▸ SOURCE RECORDS
▼▼▼

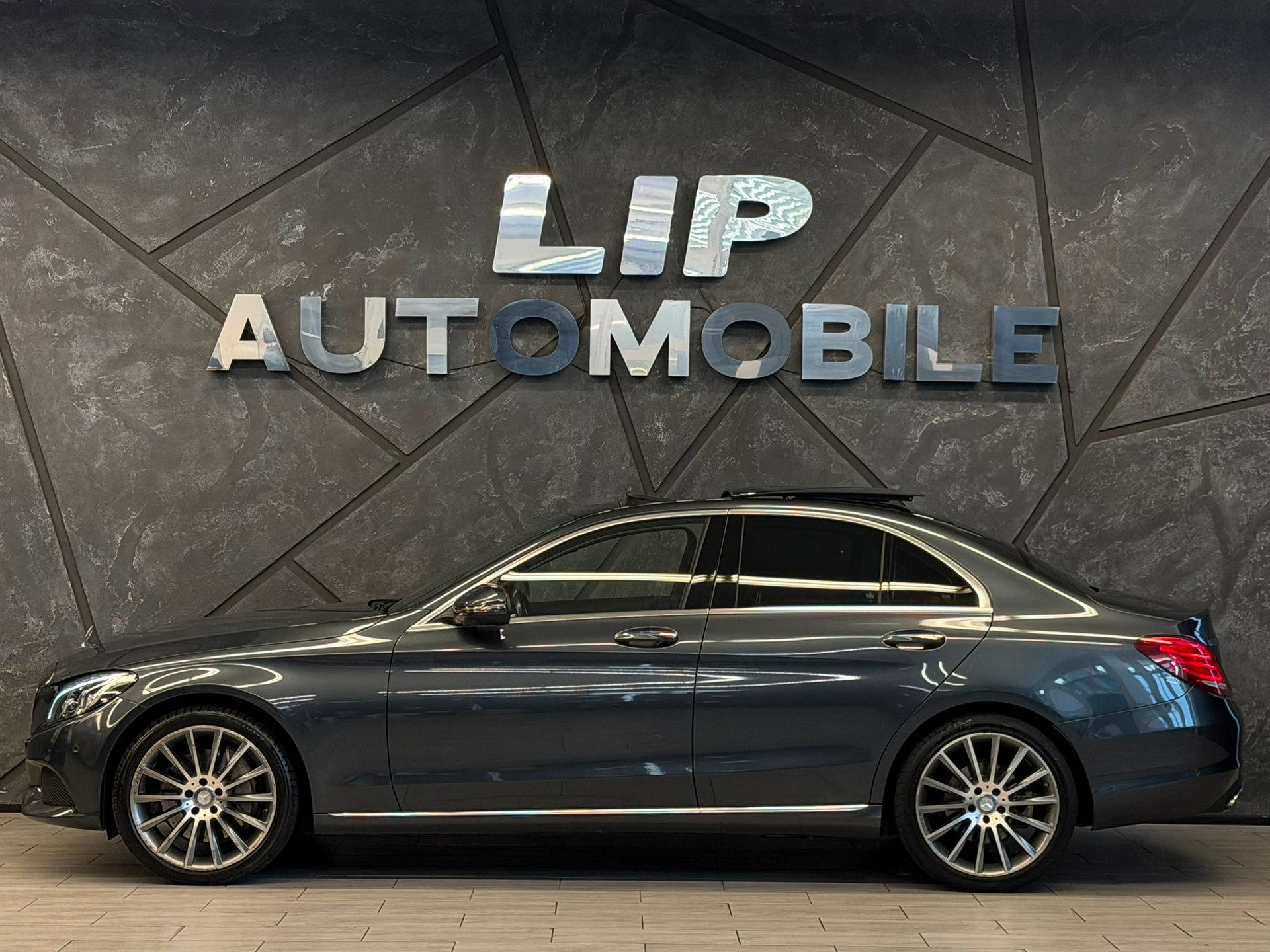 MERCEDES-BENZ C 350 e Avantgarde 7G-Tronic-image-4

▲▲▲
▼▼▼

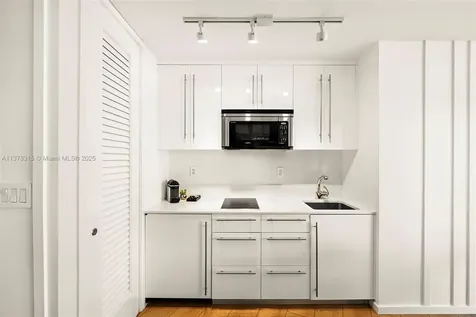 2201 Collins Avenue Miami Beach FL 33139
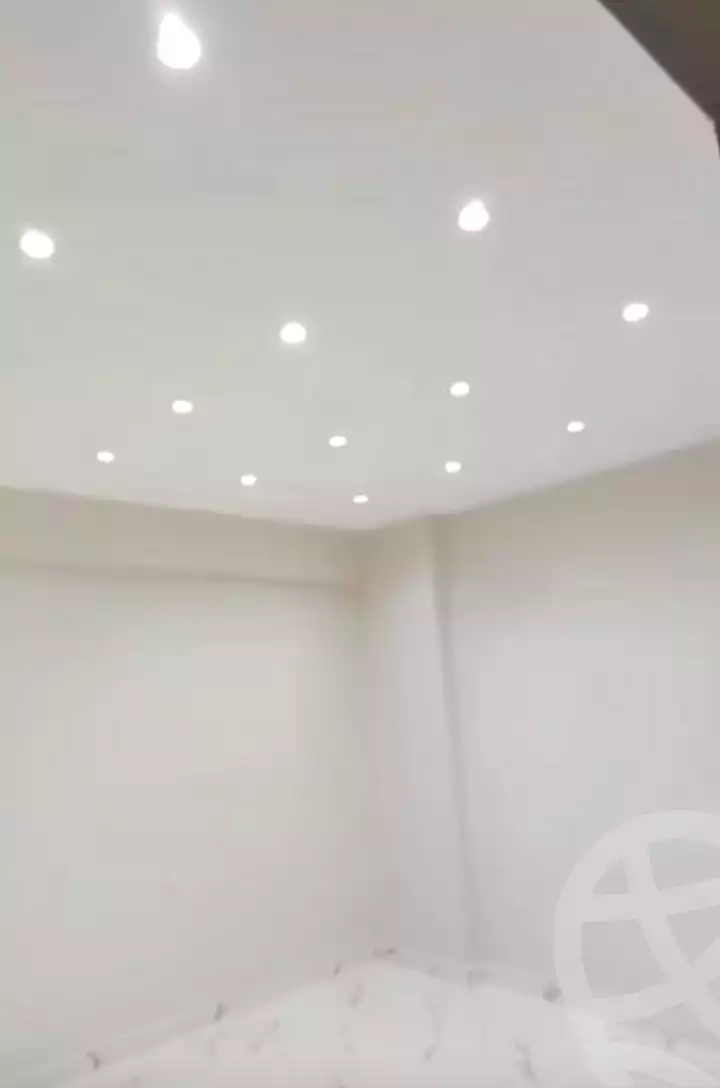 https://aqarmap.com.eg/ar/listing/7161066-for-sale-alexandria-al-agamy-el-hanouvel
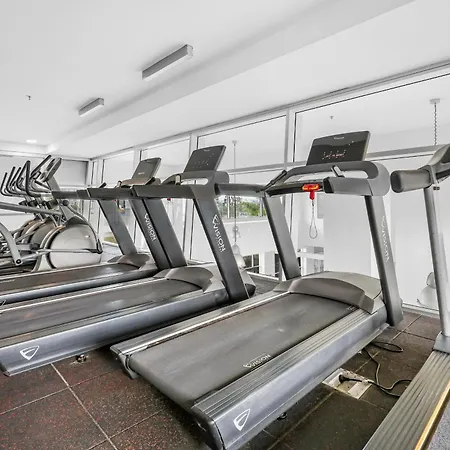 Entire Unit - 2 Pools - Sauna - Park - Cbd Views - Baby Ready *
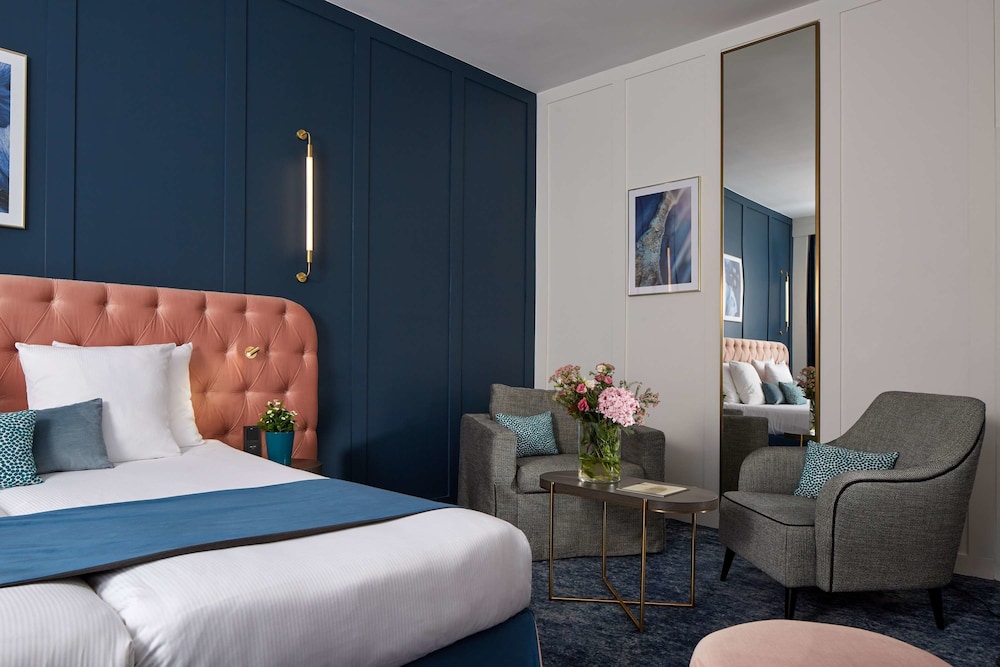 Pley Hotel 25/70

▲▲▲
▼▼▼

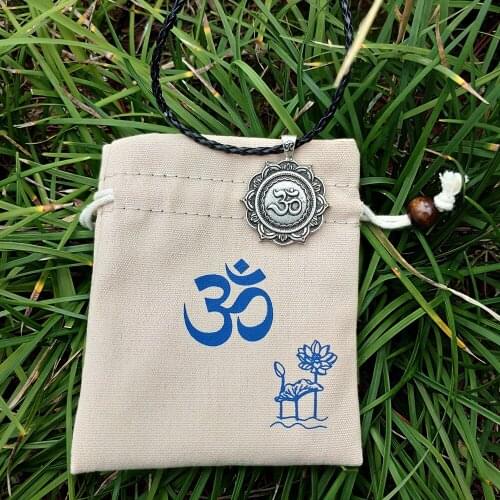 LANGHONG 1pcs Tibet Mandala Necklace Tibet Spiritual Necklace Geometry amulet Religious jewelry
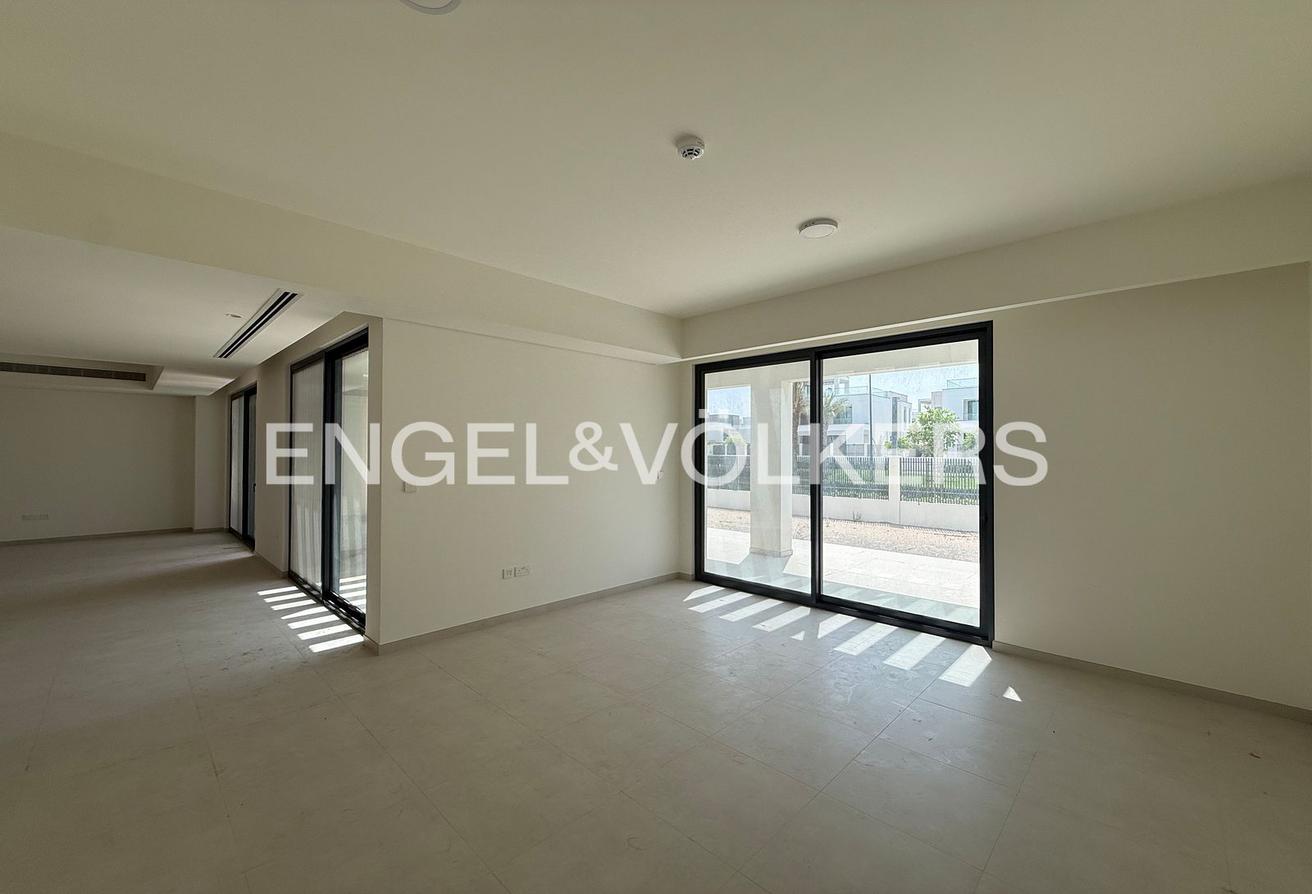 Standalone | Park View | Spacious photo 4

▲▲▲

▸ WORK TO COMPLETE
Above are records with pictures. Reproduce exactly only the lines from the line with "Entire Unit - 2" through the line with "Pley Hotel 25/70", both ends included, and leave the pictures out.

▸ EXERCISE RESULT
 Entire Unit - 2 Pools - Sauna - Park - Cbd Views - Baby Ready *
 Pley Hotel 25/70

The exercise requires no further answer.